戻りは限定的、大きく戻せばキャッシュ化優先

戻りは限定的、大きく戻せばキャッシュ化優先

<いったん下値模索となるが、ECB総裁の発言を受け急反発>
 先週の23日(月)の時点では、20日(金)にトピックスに柴田罫線で売転換が出現したことや、欧州債務問題の再燃から日経平均は下値模索の動きになるとしました。また、日本を除くと欧米の株価はそれほど下がっておらず、スペインの国債利回りの急騰をきっかけに欧州債務問題の拡大となれば、欧米株式の調整入りに連動して日経平均は下値模索となることを想定しました。  日経平均が反発するには予想外の好決算やFRBのQE3の具体化でNYダウが13000ドルを突破するような動きとなるか、円高が一服して円安基調になるぐらいしかないとしました。

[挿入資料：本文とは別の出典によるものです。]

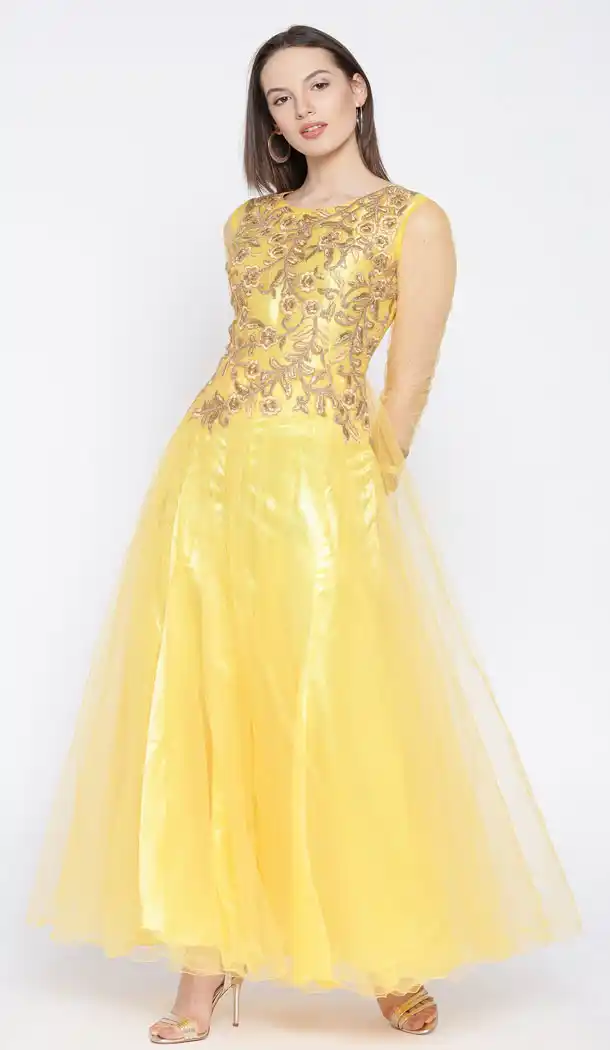 Yellow Color Net Party Wear Gown Dress - 434853200
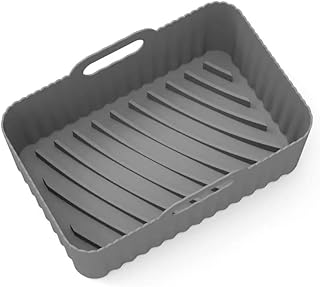 Grey K&F, Ninjas Dual Air Fryer Silicone Pot, Reusable Double Air Fryer, Air Fryer Liner, Silicone Air Fryer Accessories, Suitable for Ninja Air Fryer, Oven, and Microwave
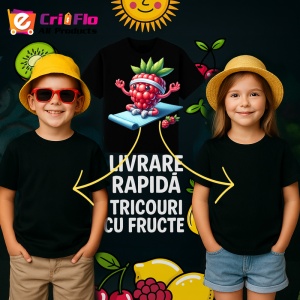 Tricou Zmeura amuzanta de vara yoga, Fructe, Copii | Dama, culoare negru - Img 6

 週前半は、欧州債務問題の再燃からユーロが売られ、円高基調が続いたことやNYダウも下落したことで、25日(水)には▼122の8365円となって、先々週想定したような6月4日の8238円に対するダブル底をつけるような動きにもなってきました。  しかし、欧州安定メカニズムの機能拡大や追加緩和策の期待から欧州債務不安が後退し、アメリカ企業の好決算もあってNYダウが反発に転じてきました。26日(木)にはECB総裁の「ユーロ圏を守るためには必要な手段は何でもとる」との発言を受け、△211の12887ドルとなりました。週末の日経平均も大型株が買い戻されて△123の8566円と8500円を回復して引けました。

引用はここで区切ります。